The brushes can be played in vertical motion like sticks. But their truly unique trait is in the way they can be played in a circular horizontal manner that creates a wonderful feeling.
When brushes are played this way, you're not only articulating the beat, but also playing the space between the beats. This creates a legato flow that has made me aware of hearing that space. This has had a positive effect on my stick playing as well. I'm now more aware of the width of the beat. Now you probably wonder how can we articulate this with the brushes?
Try this exercise. It's easier than it sounds. Take a snare drum and look at the batter head as if it were a clock. 12 o'clock at the top, 3 o'clock on the right, 6 o'clock at the bottom, and 9 o'clock on the left. See the diagram below.
Put your left hand at 9 o'clock. That's the starting place, beat 1. Now sweep up clock-wise past 12, and downwards to 3 o'clock, beat 2. Continue the sweeping motion down past 6, and back upward to 9 o'clock, which is now, beat 3. Keep moving up past 12 and down over to 3 o'clock, now beat 4. Continue the motion around to beat 1. Repeat and keep this clock-wise motion smooth and seamless. You now have made two 360-degree motions, each equaling a half note.
What about the other hand? We just start in a different place and go the other direction but the same concept holds true.
Put the right hand at 3 o'clock. That's the starting place, beat 1. Now sweep counter clock-wise up past 12, and downwards to 9 o'clock, beat 2. Continue the sweeping motion down past 6, and back up to 3 o'clock, beat 3. Keep moving up past 12, down back to 9 o'clock and beat 4. Continue the motion around to beat 1. Repeat and keep the counter clock-wise motion smooth.

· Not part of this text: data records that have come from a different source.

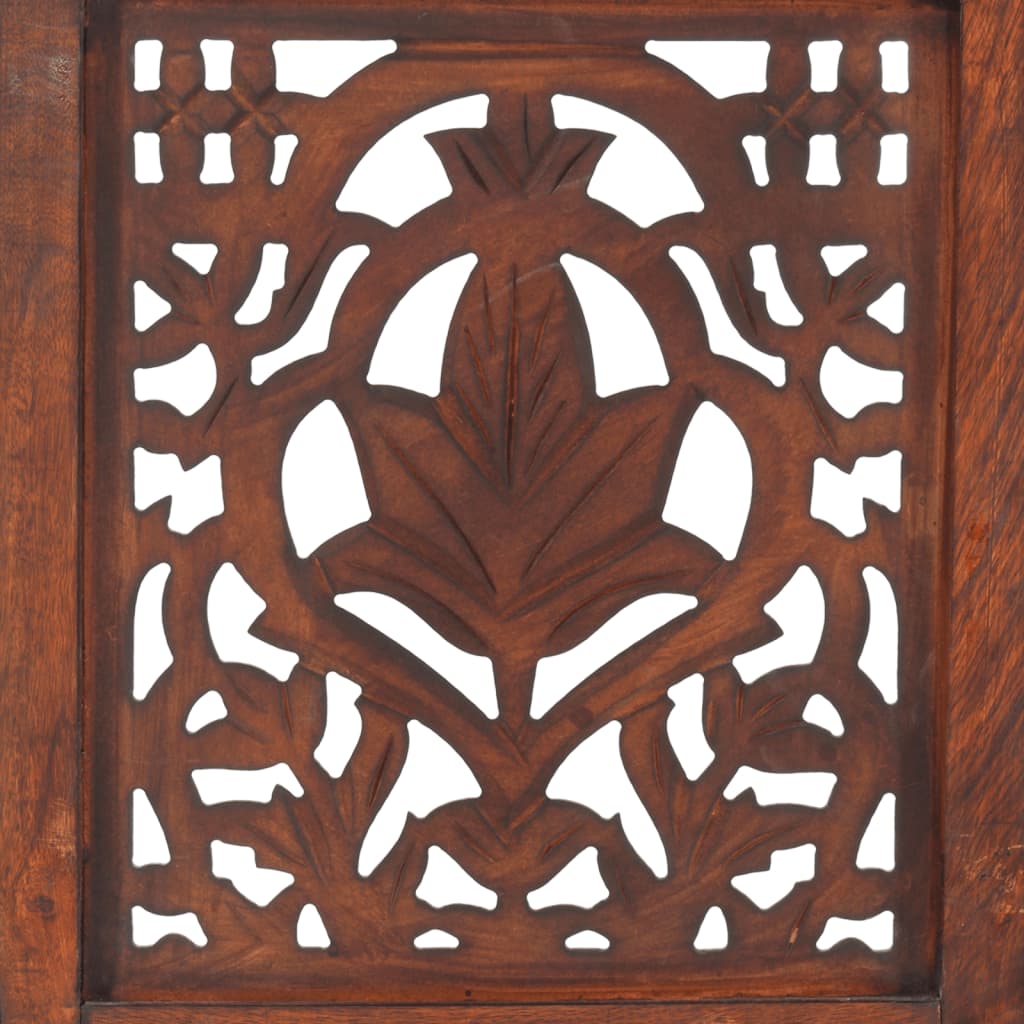 vidaXL Hand Carved 3-Panel Room Divider Brown 120x165 cm Solid Mango Wood 4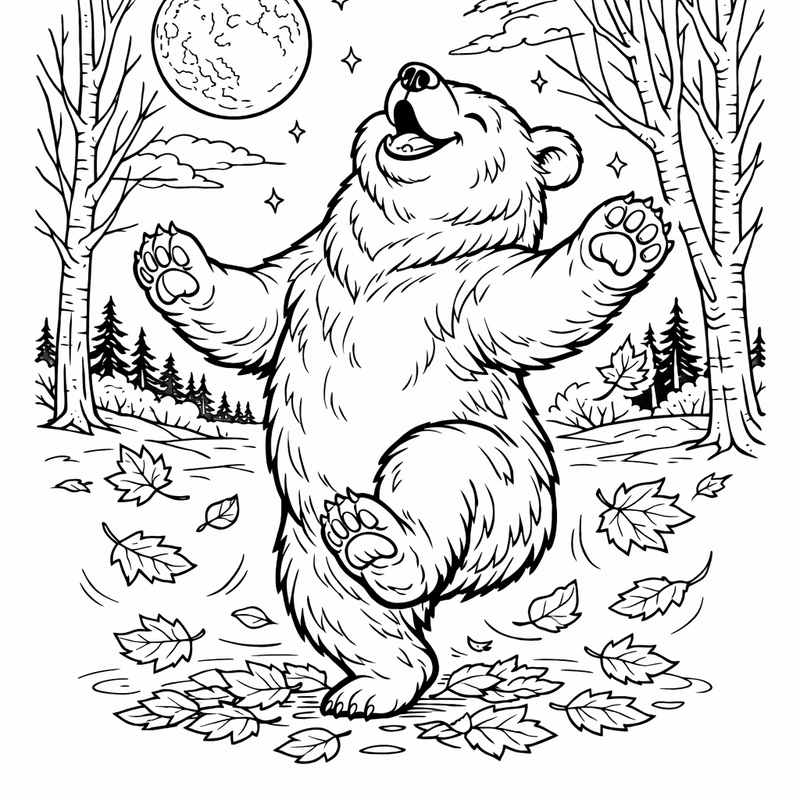 Bear Coloring Page — A Bear Catching Salmon In A River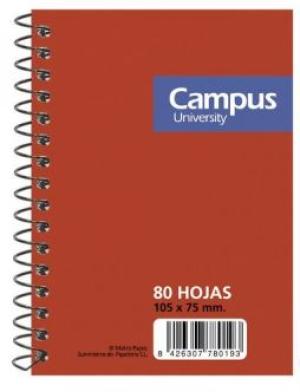 LIBRETA CUADRICULADA CON ESPIRAL 7.5 x 10.5 cm 80 H CAMPUS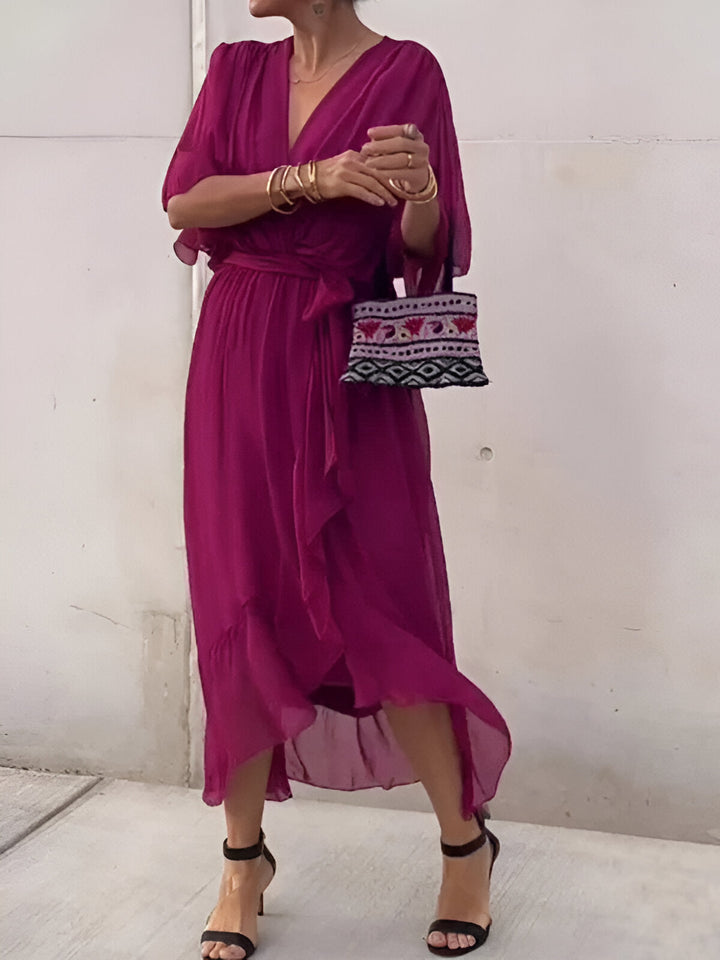 Saskia™ | Chiffon jurk met V-hals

Within this system the beat can be subdivided many ways. Here's one way. Divide the drum into eighth notes. 12 o'clock can be the 1 and, also 3 and, 6 o'clock can be the 2 and, also the 4 and. Another way is to divide the drum into triplet segments. These divisions can help you gauge the speed of your motion (the time) and keep it even.
Remember this equation:
motion = time and time = motion. The slower the tempo means you have more space and a bigger motion. The faster the tempo means less space and a smaller motion. Try to apply different kinds of sticking articulations to the brushes. Experiment!!!
Listen to the greats and watch how everyone has their own choreography. Having some knowledge of the brushes has expanded my tonal palette and generally improved my playing.